Birthler wies darauf hin, dass zahlreiche Wissenschaftler und Journalisten in den vergangenen Wochen ihre Arbeit zurückgestellt oder ganz darauf verzichtet hätten, Anträge zu stellen. Sie hätten befürchten müssen, dass die Verwertbarkeit der MfS-Unterlagen nach dem Urteil des Bundesverwaltungsgerichts (BVG) im Falle Kohl nicht oder kaum mehr gegeben war. Die Gesetzesänderung war notwendig geworden, nachdem Kohl vor rund einem Jahr erfolgreich gegen die Veröffentlichung seiner Stasi-Akte geklagt hatte. Der Bundestag hatte die umstrittene Gesetzesnovelle am späten Donnerstagabend mit den Stimmen von SPD, Grünen und FDP verabschiedet.
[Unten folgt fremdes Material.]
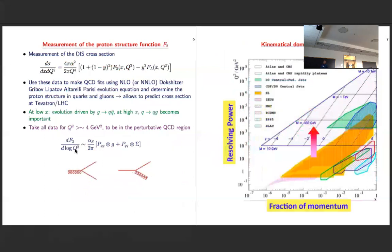What was done is to measure the proton structure function F2. You measure the cross-section between x and Q², and from there extract the proton structure function F2. The idea is to extract the quark and gluon density from the proton using this cross-section measurement in next-to-leading order or next-to-next-to-leading order DGLAP evolution equations, in order to determine the proton structure in terms of quarks and gluons — which also allows prediction of cross-sections at the LHC. The log Q² dependence of the structure function is proportional to alpha_s and depends on the splitting functions for gluons and quarks.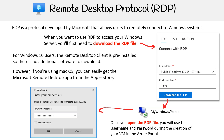RDP uses encryption to secure communications, ensuring confidentiality. It also supports features like audio redirection, clipboard sharing, and printer redirection for a seamless remote experience.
Der Änderung zufolge sollen künftig Unterlagen, die im direkten Zusammenhang mit der zeitgeschichtlichen Rolle eines Prominenten stehen, von der Birthler-Behörde an Forscher und Journalisten herausgegeben werden können. Dies soll auch für Akten über Personen gelten, die von der Stasi ausspioniert wurden. Die Behörde entscheidet im Einzellfall, ob das öffentliche Interesse und der Persönlichkeitsschutz stärker berücksichtigt werden müssen. Besonders berücksichtigen muss sie bei der Entscheidung, welche Akten sie heraus gibt, ob die Informationserhebung "erkennbar auf einer Menschenrechtsverletzung beruht". Informationen, die durch Folter erzwungen wurden, sind von der Veröffentlichung ausgeschlossen.
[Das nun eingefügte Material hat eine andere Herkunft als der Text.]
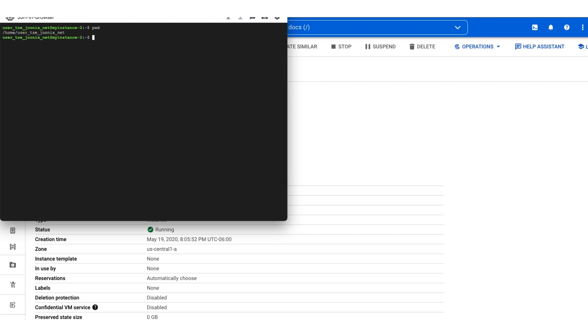Another option would have been to grant the user the compute OS login role at the project level, which would allow them to use OS login for all instances in the project by default. Keep in mind the security best practice of least privilege and set your permissions accordingly. Take a look at the documentation to read more about Policy Troubleshooter.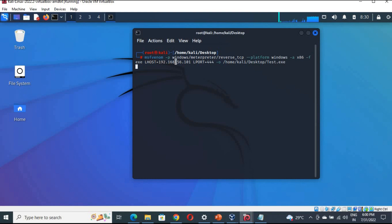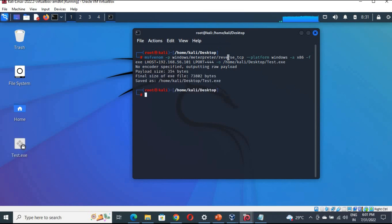We are creating a malicious backdoor file. This file will be sent to the victim, and once they click on it we will gain access to their system. We used listening port 4444, listening host as our own IP, and we are targeting a Windows machine using windows/meterpreter/reverse_tcp. You can see that test.exe has already been created — the backdoor file is ready.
Vertreter von FDP und SPD begrüßten die Novelle. FDP-Rechtsexperte Edzard Schmidt-Jortzig sagte, eine umfassende geschichtliche Aufarbeitung sei nunmehr wieder gewährleistet. Falls die Informationenerhebung der Stasi auf Menschenrechtsverletzungen, etwa in den Bereichen Post, Telefon oder Wohnung beruhe, müsse die Herausgabe unterbleiben. Bei einem wichtigen Aufarbeitungsinteresse müssten die Akten jedoch herausgegeben werden, sagte der frühere Bundesjustizminister. Der FDP-Politiker sprach von einer "schmalen Öffnung". Die Kohl-Akten blieben auf jeden Fall unter Verschluss.
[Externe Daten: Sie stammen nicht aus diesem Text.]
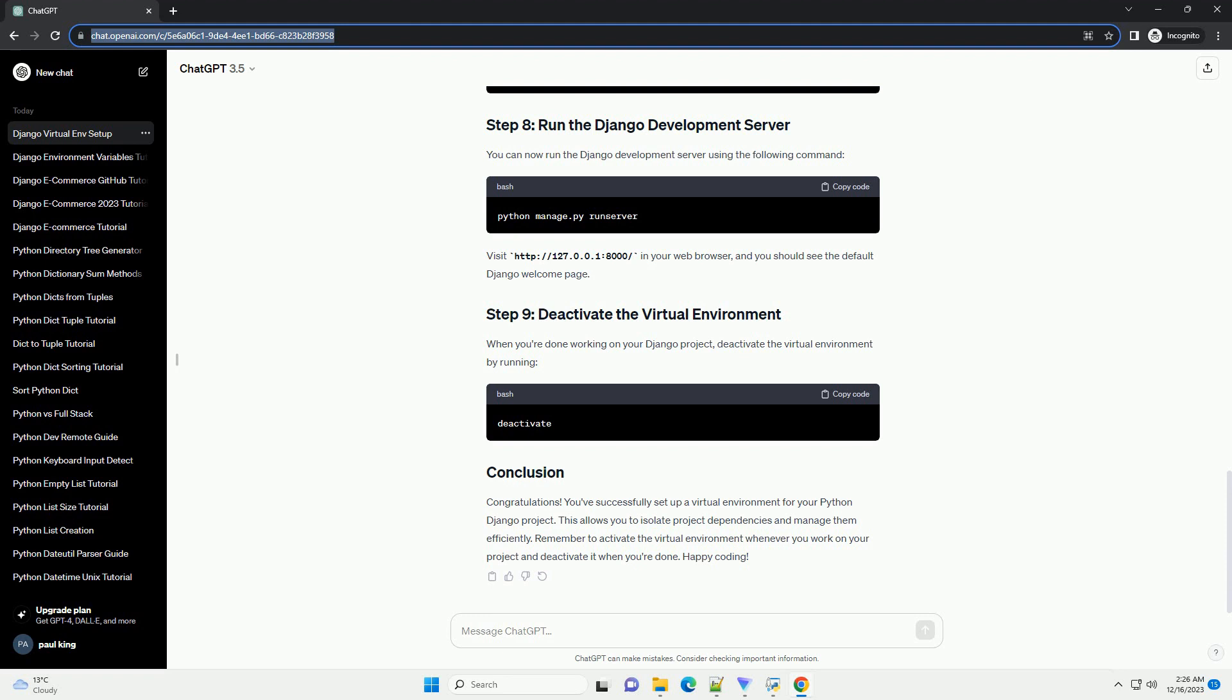With the virtual environment activated, install Django using pip. This will install the latest version of Django within your virtual environment.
Der Vize-Vorsitzende der SPD-Bundestagsfraktion, Ludwig Stiegler, sagte, die Neuregelung schütze "die Opfer der Bespitzelung" und regele die Abwägung der unterschiedlichen Interessen. Nach Ansicht des Ost-Beauftragten der Bundesregierung, Staatsminister Rolf Schwanitz (SPD), schafft das neue Gesetz "Klarheit im Umgang mit der Stasi-Hinterlassenschaft".